Generalizing from Traub’s review is difficult, partly because it includes so few studies and partly because those studies indicating that different item formats may test the same construct are very limited. For instance, in studies assessing programming, the CR items asked the students to either to make a list of advantages and disadvantages with a certain method or write down a specific procedure for programming. Similarly, in the studies assessing lexical knowledge, students were asked to “fill in the blanks” with single words. This means that the items in Traub’s review differ markedly from the examples discussed in the introduction of this article, where the students are supposed to respond to different views and reason about sources. In fact, the correlation between item formats in Traub’s review can be explained by the similarities between “recall” and “recognition,” which are both examples of memory knowledge (Wainer and Thissen, 1993). The fact that CR items can look so different, in principle they may cover a spectrum from “fill in the blanks” to doctoral dissertations, is a problem when attempting to answer the question about whether MC and CR items test the same construct. However, what is of primary interest is not CR items that address recollection, but rather complex skills such as reasoning.

Results from more recent research in this area also place the conclusion from Hogan and Traub in a somewhat different light. Becker and Johnston (1999) found no relationship between student performance on MC and essay items. Kuechler and Simkin (2004), as well as Bible et al. (2007), found only moderate relationships between MC and CR items. In a meta-analysis by Rodriguez (2003) covering 67 studies, no obvious connection could be found between different item formats. On the contrary, there was great heterogeneity in the material. Rodriguez determined that the construction of the items seemed to affect the connection between item formats. Above all, there was a connection between items with the same kind of item stem.² If both MC and CR items have the same kind of stem, they are more likely to test the same construct. The relation becomes stronger if the items also address the same content, but weakens for extended CR items.

In sum, the results from previous research indicate that different item formats are not easily exchangeable. Only in some specific cases, when the item stem is similar, can MC and CR items be assumed to test the same construct. Furthermore, this is mainly the case where the knowledge addressed is recollection, and where students’ freedom to answer the item is heavily restricted. When students are expected to produce extended answers or perform practical tasks, the correlation drops (Miller, 1998); this occurs either because changing the format also changes the construct or as a result of the lower reliability of the CR items.

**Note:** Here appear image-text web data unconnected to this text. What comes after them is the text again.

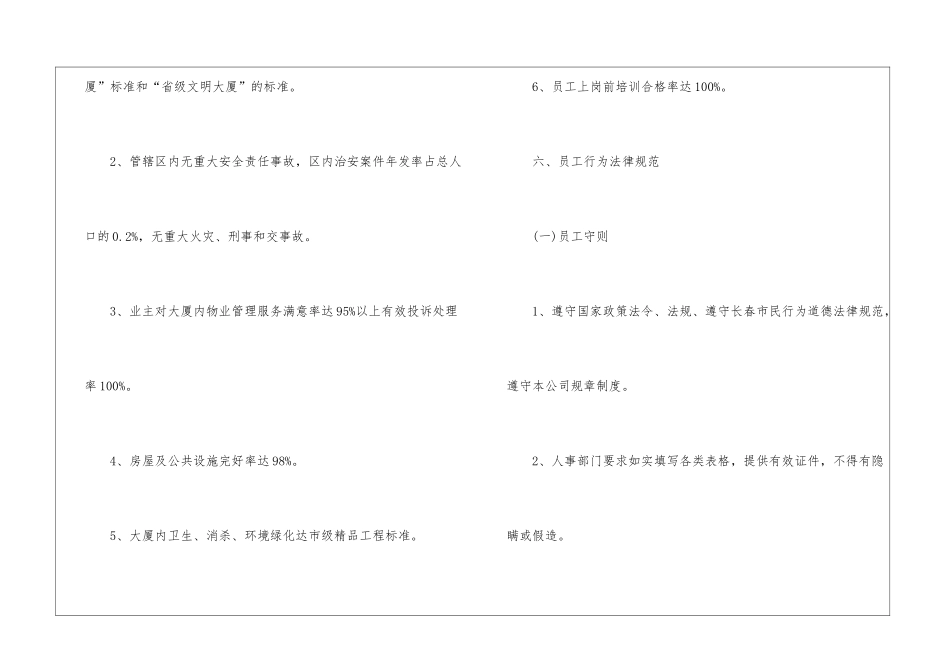 关于年度培训计划5篇_第2页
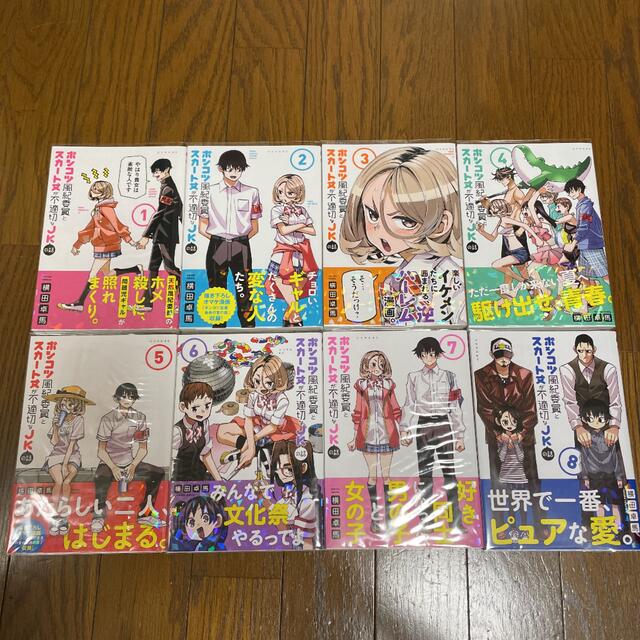 ポンコツ風紀委員とスカート丈が不適切なJKの話 8 横田卓馬 既刊全巻 初版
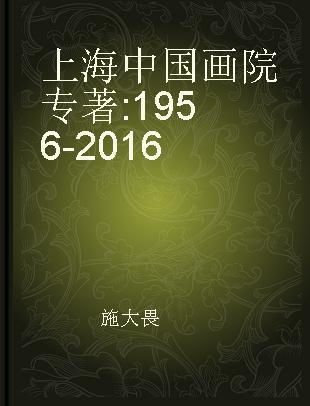 上海中国画院 1956-2016 1956-2016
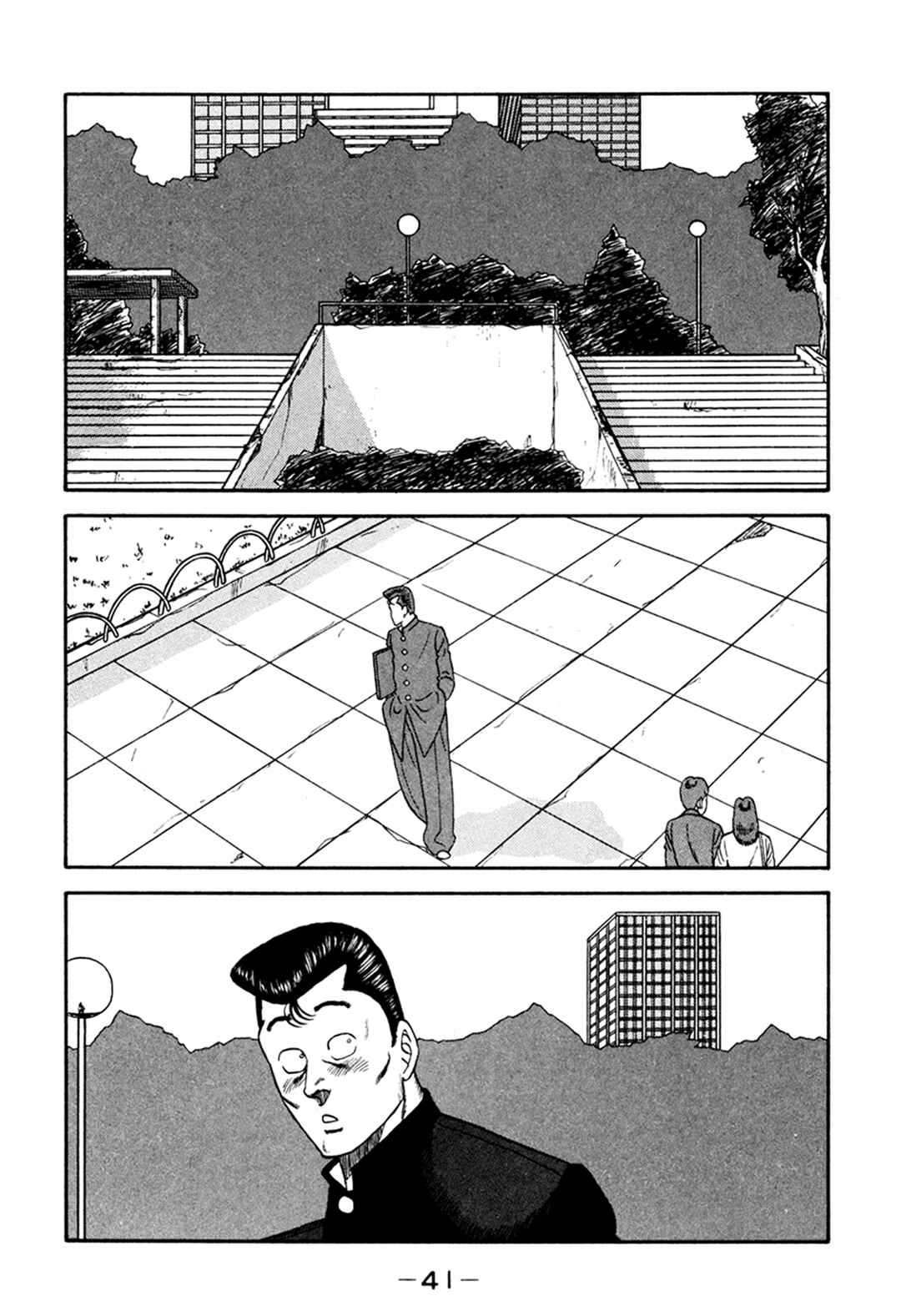 Page 9 Chapter 163 Be-bop High School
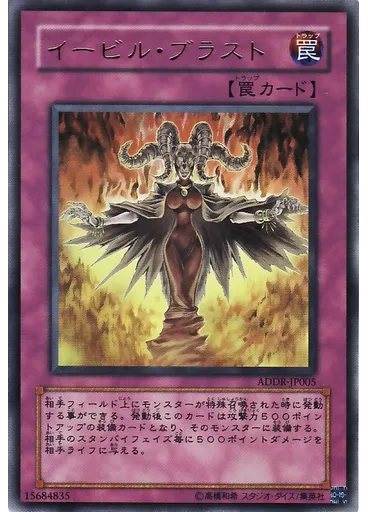 イービル・ブラスト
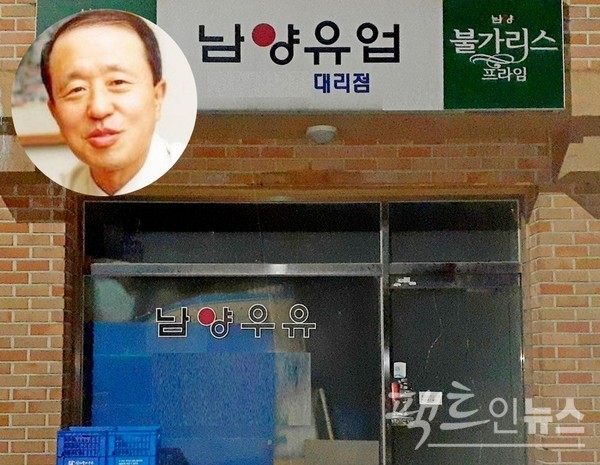 남양유업의 사주 홍원식 회장이 유제품 가격 인상과 단백질 시장 진출 등으로 올해 적자 극복에 도전한다. [사진=정수남 기자, 뉴시스]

When trying to assess complex skills, changing from one format to another can therefore be expected to significantly impact the results.

Purpose and Research Questions

This study aims to further investigate the relationship between MC and CR items, since current research indicates that: (1) students may not necessarily use the complex skills intended when answering MC items, which means that student performance on MC items might be misleading; (2) studies in this area are few and generally have very limited sample sizes; and (3) when investigating the relationship between MC and CR items addressing the same construct, numerous researchers have reformulated MC items into CR items, and not vice versa. This may have led to a situation where some aspects of the consequences of replacing CR with MC items have not been investigated. If both item formats measure memory knowledge (and therefore are positively correlated), there is still no evidence of whether MC items are suitable for assessing complex knowledge.

Specifically, this study will analyze students’ reasoning skills in physics, where CR items from a national test in science have been reformulated into MC items. The study aims to answer the following questions:

1. When answering MC items constructed to measure students’ reasoning skills, which kinds of knowledge or skills are students’ reasoning based upon?

2. Is there an agreement between students’ answers to MC and CR items designed to address the same reasoning skills?

Methods

The overall design of this study is to reformulate CR items from a national test, which has been designed to test complex reasoning skills, into MC items and then compare students’ answers to the different item formats. By reformulating CR items into MC equivalents, one can assume that the MC items will more likely address the same construct as the CR originals, compared to the other way around. This transformation is described in detail below.

Two samples of students, one for each of the research questions, were asked to answer the MC items. First, a small sample of students answered the MC items during interview conditions, so they were given an opportunity to explain the rationale for their answers. Second, a larger number of students answered only the MC questions (no interviews), so their performance as a group could be compared to a national sample of student performance on the CR versions of the same items.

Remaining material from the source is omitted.